But with the departure of high-profile quarterbacks Sam Bradford,Colt McCoy and Zac Robinson, pass-happy Mike Leach being replaced ground-game minded Tommy Tuberville in Lubbock and teams needing to replace now NFL wide receivers in Jordan Shipley, Dez Briscoe and David Gettis...is this the year that the running back again dominates the Big 12?
This five guys sure hope so. Here's our look at the top 5 Big 12 running backs for the 2010 season.
The Sooners offense might not skip a beat. Sam Bradford basically left for the NFL after losing to UF in the 2009 Title Game due to an injury, and Ryan Broyles found a great rhythm with Landry Jones. Then there's Murray who may finally realize his potential with the backfield his and his alone. At least for now. Murray has battled injuries throughout his career, but if he can prove staying healthy isn't impossible he'll be an attractive prospect. Murray can help out in the return game, the passing game, and he's got some serious elusiveness in the open field when he's at 100%. He struggles with consistency, and his game can be more rounded than devastating, but his versatility should get him an early look.

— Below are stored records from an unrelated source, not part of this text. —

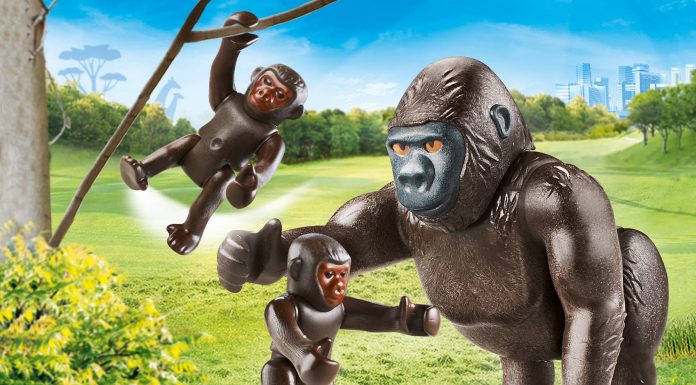 Playmobil Gorila con crías – 70360 2020 – El Mundo Click 70360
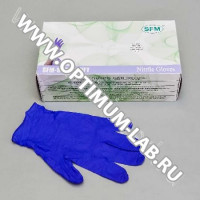Перчатки нитриловые размер S, Hospital Prodact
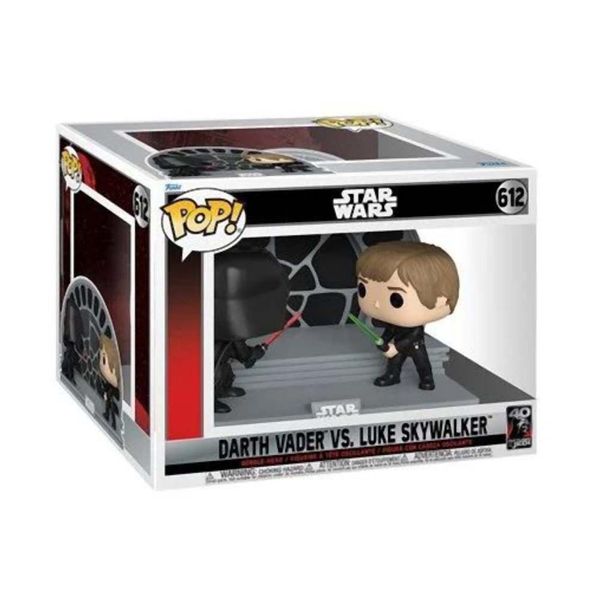 Funko Pop! Star Wars - Darth Vader vs Luke Skywalker #612 Bobble-Head Φιγούρα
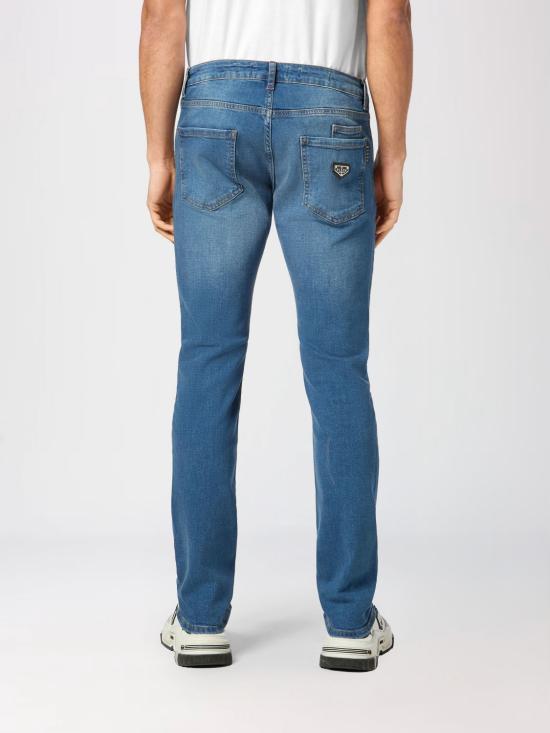26SS 필립 플레인 데님 팬츠 LABCMDT3453PDE004N 08RY Denim - PHILIPP PLEIN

Thomas is a big, bruising back in a quick man's world. It's no surprise that four of the first five backs chosen in 2010 ran sub 4.4 40s. Thomas has better wiggle than some big guys, and his build will keep him strong late in a game, but there's a dwindling emphasis on power runners. Still, it's hard to ignore his production and his lower body strength. He's a downhill runner with good acceleration and with another year, his vision and instincts should improve.
This is going to be interesting. For years, Mike Leach plumbed the region for unknown gems that fit his system. Now that system is gone, and guys like Batch could benefit. No longer will running back be an auxiliary position or a sixth receiver; they'll get to run. Batch is one of the fastest guys in pads in the league, and his second gear is an attractive trait in today's NFL. The fact that he's managed to earn over 1600 yards and 21 touchdowns on the ground over the past two seasons in a pass-happy offense speaks to his talent. Catching over 100 balls in that span makes him valuable in a passing, multi-back league.

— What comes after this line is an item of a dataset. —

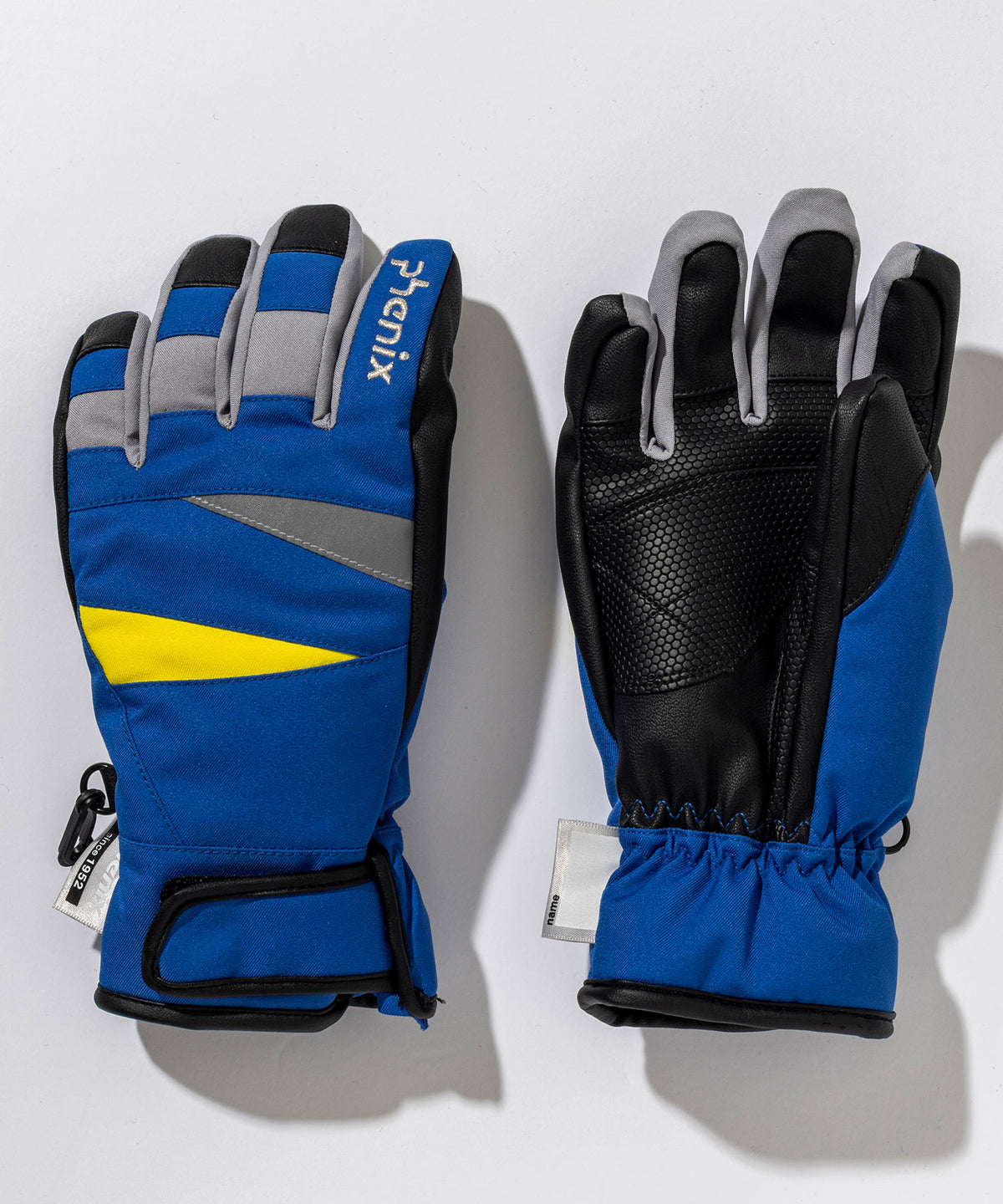 【KIDS/JUNIOR】Triangular Motif Gloves トライアングルモチーフグローブ /phenixスキーウェア 25AW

Hunter is a bit of an enigma. As a sophomore he looked like the type of small back that would carve out a niche in the NFL, even if it wasn't a big one. But a junior injury, and a struggle to find the yards anyway, has left him looking a little less polished. Still, the room is there to bounce back and become that slippery touchdown machine that we remember. He runs with good leverage and a good pad level, which allows him to fit for yards inside like a bigger back, and his agility in the open field makes him a big play threat when combined with good speed. He won't be anyone's number one back, but with the right complement he could contribute nicely.
Helu might get a bigger look if the QB position fails to take a major step forward. If Zac Lee can't find better consistency and accuracy, the Husker offense may have to lean on their ground game in a major way… again. Helu has a decent frame, but lacks great bulk even though his running style favors the physical at times. His 5.4 yards per carry were the best in the Big 12 last season, and although he lacks elite top speed, he's got enough vision and lateral mobility to break first down runs. He may not be the flashiest back, but he wastes no movement and sucks the marrow out of every carry.